Justice? Sur Internet?

Après la lecture d’une brève sur le site sebsauvage.net, je n’ai pas pu résister à l’envie de rebondir dessus. Court, mais intéressant à plus d’un titre, cet article décrit une de mes pires crainte, qui est l’impact de la vie « virtuelle » sur la vie réelle. Commencez par lire le lien ci-dessous, puis revenez, afin que vous puissiez déjà vous faire une idée du problème.

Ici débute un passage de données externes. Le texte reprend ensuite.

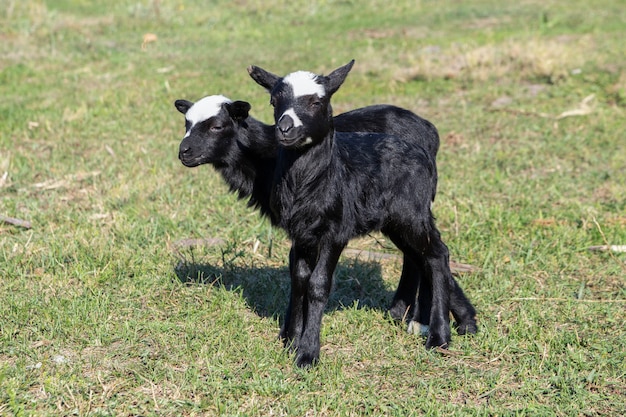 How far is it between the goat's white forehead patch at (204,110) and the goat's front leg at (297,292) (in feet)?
3.58

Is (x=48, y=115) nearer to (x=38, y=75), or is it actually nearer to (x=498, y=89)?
(x=38, y=75)

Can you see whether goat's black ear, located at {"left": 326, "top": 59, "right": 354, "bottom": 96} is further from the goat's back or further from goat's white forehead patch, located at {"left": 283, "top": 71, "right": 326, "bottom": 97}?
the goat's back

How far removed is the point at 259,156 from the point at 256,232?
1744 mm

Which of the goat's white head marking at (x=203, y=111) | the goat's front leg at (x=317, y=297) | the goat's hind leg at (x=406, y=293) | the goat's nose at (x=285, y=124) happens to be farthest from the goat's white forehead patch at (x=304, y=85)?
the goat's hind leg at (x=406, y=293)

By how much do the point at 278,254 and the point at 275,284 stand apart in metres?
0.67

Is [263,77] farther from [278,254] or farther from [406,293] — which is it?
[278,254]

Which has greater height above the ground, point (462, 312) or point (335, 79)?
point (335, 79)

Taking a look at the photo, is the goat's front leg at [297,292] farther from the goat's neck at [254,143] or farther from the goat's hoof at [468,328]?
the goat's hoof at [468,328]

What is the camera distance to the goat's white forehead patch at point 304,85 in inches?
187

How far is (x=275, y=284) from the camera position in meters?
6.22

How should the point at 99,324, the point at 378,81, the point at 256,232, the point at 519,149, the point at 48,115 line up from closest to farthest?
1. the point at 99,324
2. the point at 256,232
3. the point at 519,149
4. the point at 48,115
5. the point at 378,81

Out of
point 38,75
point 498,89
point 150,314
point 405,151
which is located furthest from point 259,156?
point 38,75

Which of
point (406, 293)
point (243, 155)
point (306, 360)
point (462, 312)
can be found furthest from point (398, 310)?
point (243, 155)

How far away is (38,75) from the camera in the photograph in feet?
45.5
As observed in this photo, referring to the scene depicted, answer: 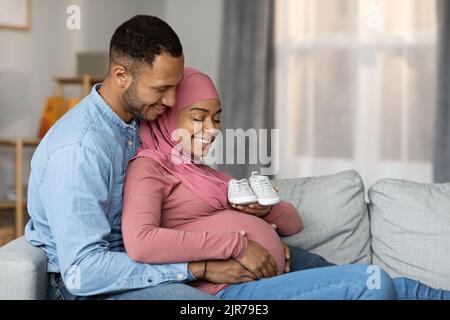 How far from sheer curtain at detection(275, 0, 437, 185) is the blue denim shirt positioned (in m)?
2.51

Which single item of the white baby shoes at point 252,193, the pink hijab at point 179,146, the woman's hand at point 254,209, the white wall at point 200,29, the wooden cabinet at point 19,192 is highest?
the white wall at point 200,29

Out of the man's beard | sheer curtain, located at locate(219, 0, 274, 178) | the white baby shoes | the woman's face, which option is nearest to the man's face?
the man's beard

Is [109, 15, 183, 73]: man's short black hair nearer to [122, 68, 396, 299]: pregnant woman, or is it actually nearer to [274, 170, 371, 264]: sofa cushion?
[122, 68, 396, 299]: pregnant woman

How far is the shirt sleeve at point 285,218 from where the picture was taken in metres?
1.89

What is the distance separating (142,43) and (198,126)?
10.6 inches

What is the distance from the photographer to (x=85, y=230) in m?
1.43

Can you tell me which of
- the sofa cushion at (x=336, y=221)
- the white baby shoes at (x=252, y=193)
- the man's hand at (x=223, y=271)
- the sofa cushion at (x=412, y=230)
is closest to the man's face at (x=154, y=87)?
the white baby shoes at (x=252, y=193)

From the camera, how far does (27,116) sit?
4.25 m

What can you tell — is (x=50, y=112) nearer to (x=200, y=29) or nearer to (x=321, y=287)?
(x=200, y=29)

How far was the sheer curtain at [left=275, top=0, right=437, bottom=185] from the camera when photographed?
12.1 feet

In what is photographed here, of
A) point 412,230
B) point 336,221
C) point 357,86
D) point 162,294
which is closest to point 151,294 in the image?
point 162,294

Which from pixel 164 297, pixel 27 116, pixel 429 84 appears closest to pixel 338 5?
pixel 429 84

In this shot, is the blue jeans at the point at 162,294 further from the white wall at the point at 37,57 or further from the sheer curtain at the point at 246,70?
the white wall at the point at 37,57

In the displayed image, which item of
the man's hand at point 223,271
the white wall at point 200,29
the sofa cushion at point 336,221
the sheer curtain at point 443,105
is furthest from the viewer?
the white wall at point 200,29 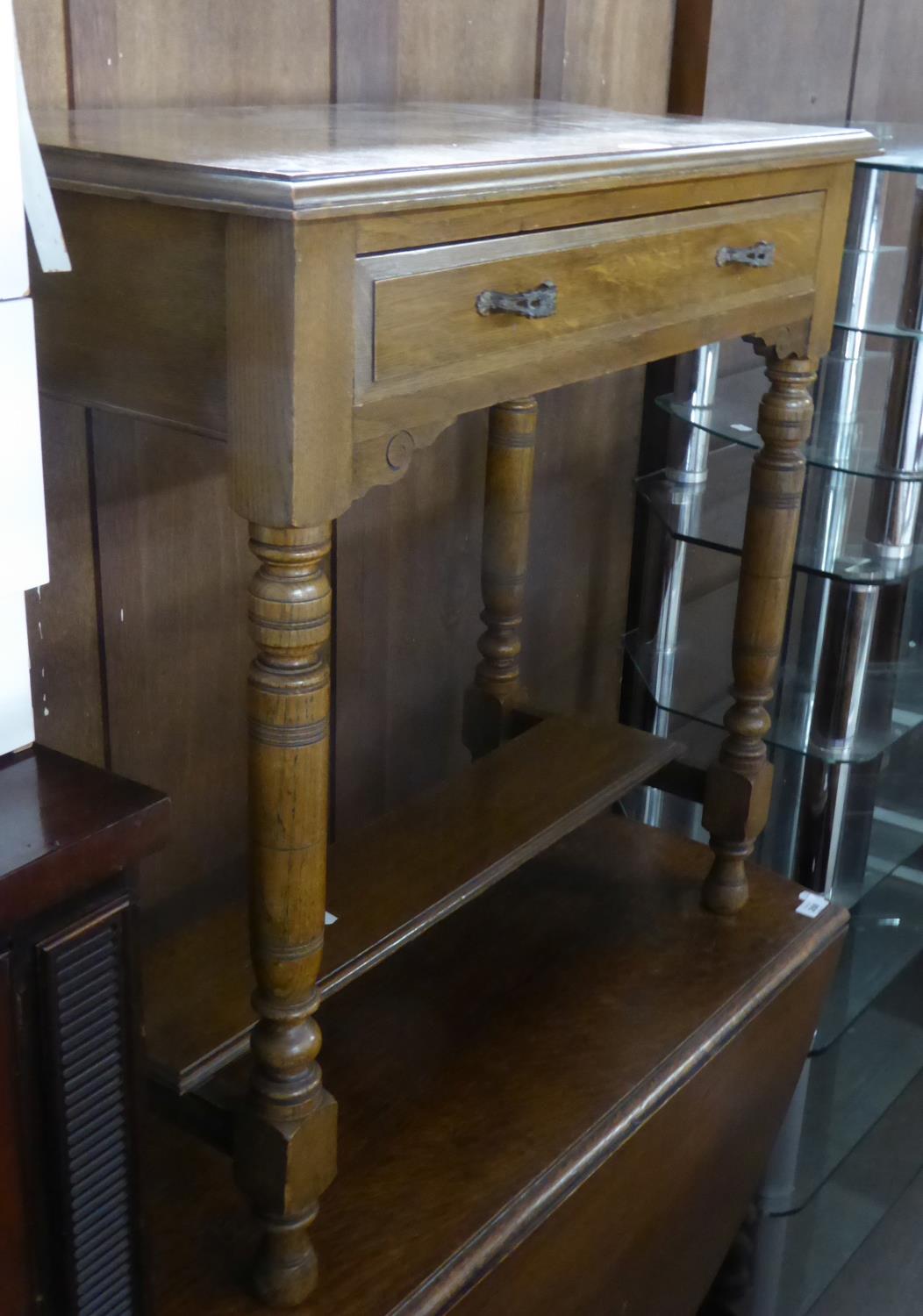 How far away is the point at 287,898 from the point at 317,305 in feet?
1.54

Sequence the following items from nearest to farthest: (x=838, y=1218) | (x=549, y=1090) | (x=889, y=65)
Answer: (x=549, y=1090)
(x=838, y=1218)
(x=889, y=65)

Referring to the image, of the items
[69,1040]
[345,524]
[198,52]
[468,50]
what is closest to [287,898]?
[69,1040]

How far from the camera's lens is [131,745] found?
157 centimetres

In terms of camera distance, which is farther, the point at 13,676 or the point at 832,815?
the point at 832,815

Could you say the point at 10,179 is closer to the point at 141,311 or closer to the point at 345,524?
the point at 141,311

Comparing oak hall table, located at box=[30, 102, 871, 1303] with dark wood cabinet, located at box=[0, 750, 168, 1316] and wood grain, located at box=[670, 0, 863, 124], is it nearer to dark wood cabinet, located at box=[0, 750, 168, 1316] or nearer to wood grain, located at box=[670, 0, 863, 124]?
dark wood cabinet, located at box=[0, 750, 168, 1316]

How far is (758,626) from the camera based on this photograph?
6.12 feet

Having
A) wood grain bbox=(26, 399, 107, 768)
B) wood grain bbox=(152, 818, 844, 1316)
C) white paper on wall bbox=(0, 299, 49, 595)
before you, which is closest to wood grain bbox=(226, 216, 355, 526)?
white paper on wall bbox=(0, 299, 49, 595)

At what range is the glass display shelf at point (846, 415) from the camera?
2.01 m

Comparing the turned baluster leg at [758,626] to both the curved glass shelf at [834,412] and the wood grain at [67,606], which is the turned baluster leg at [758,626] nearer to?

L'article, sur sebsauvage.net

Ca y est ? Vous avez lu ? Personnellement, je vais au-delà du choc initial, car, si la personne a bien déposé un chat dans le container, ce qui est inacceptable et débile, je vois aussi dans cette vidéo autrement plus de délicatesses que l’action d’une personne isolée. Tout d’abord, réfléchissons à la situation, et à l’origine de la vidéo. D’une part, c’est une caméra ciblant la rue (de surveillance donc), qui donc est supposée être là pour la sécurité de chacun, et par conséquent inaccessible au « commun des mortels ». Qui a provoqué la fuite de la vidéo sur la toile ? Un surveillant qui voulait que « justice » soit faite ? Que la dite personne soit condamnée pour cet acte de malveillance et de cruauté animale ? Fort bien, mais où est le respect de la vie privée d’une part, et le droit à l’image d’autre part ? En effet, élargissons notre regard : si une telle vidéo est diffusée, rien n’empêche alors de nous imaginer mis en scène à notre insu, et donc de devenir les vedettes involontaires d’un show médiatique sur le réseau ! Rien que sur ce principe, je suis terriblement inquiet concernant nos libertés individuelles. Toutes les dérives sont possibles : diffusion des caméras de surveillance des plages, donc menant au voyeurisme, usage des images par les entreprises à l’encontre de leurs salariés, ou encore mise en scène de violences (snuff movies), de manière à encore un peu plus provoquer de l’audience.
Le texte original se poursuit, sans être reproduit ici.